He hid his face, but “Jihadi John” was the English-speaking voice of ISIS. His twisted, videotaped taunts and acts of terrible cruelty — beheading hostages who had gone to the Middle East to help others and report stories to the world — symbolized the Islamist militant group’s depravity and ruthlessness.
Not anymore, it appears.
In announcing a drone strike Thursday night, the Pentagon did not say definitively that Mohammed Emwazi had been killed. But officials expressed confidence he is dead.
The United States had been tracking him closely since Wednesday, and the next he was seen leaving a building and getting into a car with an unknown person, U.S. officials said. Three drones went after them. Two missiles were fired at Emwazi’s vehicle.
Speaking Friday, British Prime Minister David Cameron cast the airstrike as an act of self-defense. If it is confirmed Emwazi is dead, “it will strike at the heart of ISIS,” said Cameron, whose government worked with their U.S. colleagues ahead of the strike.
“We always said we will do whatever is necessary to track down Emwazi and stop him taking the lives of others,” he said.
But there was no joy or sense of victory from Louise Woodward-Styles. Her friend, British aid worker David Haines, was among the hostages whose beheading videos featured Emwazi. Others included American journalists Steven Sotloff and James Foley, U.S. aid worker Abdul-Rahman Kassig, British aid worker David Haines and Japanese journalist Kenji Goto.
“There’s just sadness,” Woodward-Styles said. “It reminds you of the loss of Alan and just hoping it’s closure for the family. But also I hope it reminds people that the issue of Syria is still ongoing, and not to forget the reasons why Alan was there.”
As to Emwazi himself, Woodward-Styles added, “I don’t think he deserves the attention that his apparent death is causing. I think he was a coward.”
Justice for ‘victims of this evil man’
Emwazi, a British citizen, has been a most wanted man.
As the masked face of ISIS, he appeared in a series of brutal videos, dressed head-to-toe in black — his eyes and voice his lone revealing features — and holding a knife.
The Ramadhan Foundation, a Muslim organization in the UK, called Emwazi the manifestation of evil.
“The killing of Mohammed Emwazi in Syria is a significant moment in the fight to get justice for David Haines, Alan Henning and all the victims of this evil man,” said Mohammed Shafiq, the group’s executive director.
That sentiment wasn’t shared by CAGE, the London-based civil rights group that had contact with Emwazi.
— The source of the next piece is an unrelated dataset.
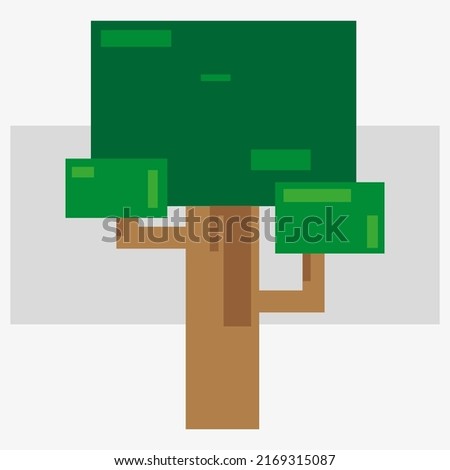 green minecraft tree. Poster for game design. Vector illustration. stock image.
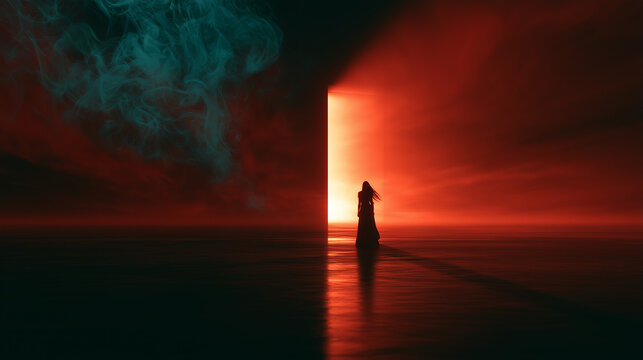 Solitary woman approaching a massive rectangular opening glowing through a crimson horizon, with turquoise vapor above dark reflective water, surreal artwork about choice, transition and the unknown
It tweeted that relatives of the beheaded hostages “have mixed feelings” about the targeted airstrike, with some preferring he be captured rather than killed.
The group itself stated “its opposition to extrajudicial killing of any kind,” adding that “state-sponsored targeted assassinations undercut the judicial processes that provide the lessons by which spirals of violence can be stopped.”
Rather than be killed, CAGE said, Emwazi should have been tried as a war criminal. Because that won’t happen, the world will never know what spurred him — and many others in the West and beyond — to join ISIS.
“His killing means key crucial questions around his joining ISIS, as well as the kidnapping and killing of hostages will remain unanswered,” CAGE tweeted.
A frequent video presence
Syrian activists in Raqqa reported that four ISIS foreign fighters, including a leader with British nationality, were killed by the coalition airstrike, the Syrian Observatory for Human Rights said.
If that British leader is Emwazi, it would be a significant step in the anti-ISIS fight for the West — at least symbolically, though it is unknown what operational role he played in the group.
By his own account, Emwazi was born in Kuwait, and it is believed he moved to London as a child. Friends believe he started down the road to radicalization when he traveled to Tanzania in 2009, the Washington Post reported this year.
He was supposed to be going on safari in the East African nation, but he was reportedly detained on arrival, held overnight and then deported. He was also detained by counterterrorism officials in Britain in 2010, the Post said. Authorities have not disclosed the reasons for those reported detentions.
“I had a job waiting for me and marriage to get started,” he wrote in a June 2010 email to Asim Qureshi, a member of CAGE, The Post reported. “[But now] I feel like a prisoner, only not in a cage, in London. A person imprisoned & controlled by security service men, stopping me from living my new life in my birthplace & country, Kuwait,” the email said.
Emwazi is believed to have traveled to Syria in 2012 and joined ISIS there. He soon became a regular in hostage videos and participated in beheadings.
For some periods of time this year, Emwazi was not seen in videos, though U.S. officials told CNN in July they had learned he was alive and hiding near Raqqa.
Analysts describe him as grotesque and fond of sadistic torture techniques, with one former hostage recounting last month how his captor made him dance the tango with him.
“Suddenly, he changed and just pushed me down,” Daniel Rye, a 26-year-old photographer, recalled to Danish broadcaster DR. “They kicked and hit me. They finished by threatening to cut my nose off with pliers and things like that.”